- **RAW DATA**:
:::

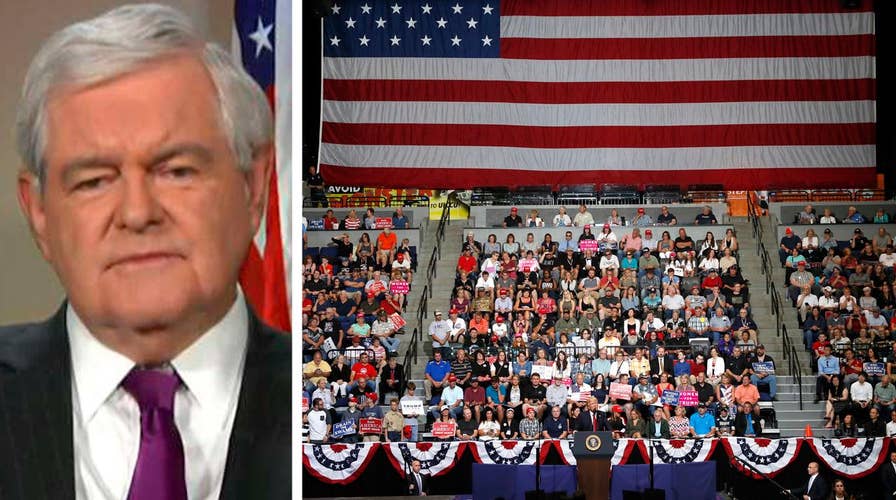 Gingrich: Trump doing better in America than in news media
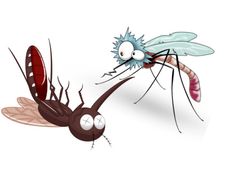 ಡೆಂಗ್ಯೂ ಜ್ವರಕ್ಕೆ ಚಿಕಿತ್ಸೆ ಹಾಗೂ ಪರಿಣಾಮಕಾರಿ ಮನೆಮದ್ದುಗಳು 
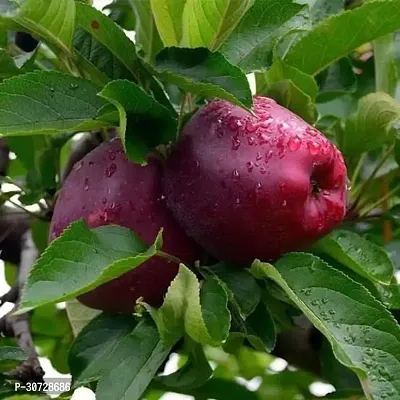 The Entacloo Apple Plant Apple 1-thumb2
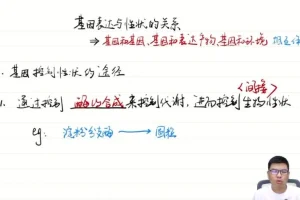 2024高三生物二轮复习冲刺资料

:::

- **EXERCISE DETAILS**: When you reach an image, pass over it, and retype all other material exactly.

- **OUTPUT OF THE EXERCISE**:
 Gingrich: Trump doing better in America than in news media
 ಡೆಂಗ್ಯೂ ಜ್ವರಕ್ಕೆ ಚಿಕಿತ್ಸೆ ಹಾಗೂ ಪರಿಣಾಮಕಾರಿ ಮನೆಮದ್ದುಗಳು 
 The Entacloo Apple Plant Apple 1-thumb2
 2024高三生物二轮复习冲刺资料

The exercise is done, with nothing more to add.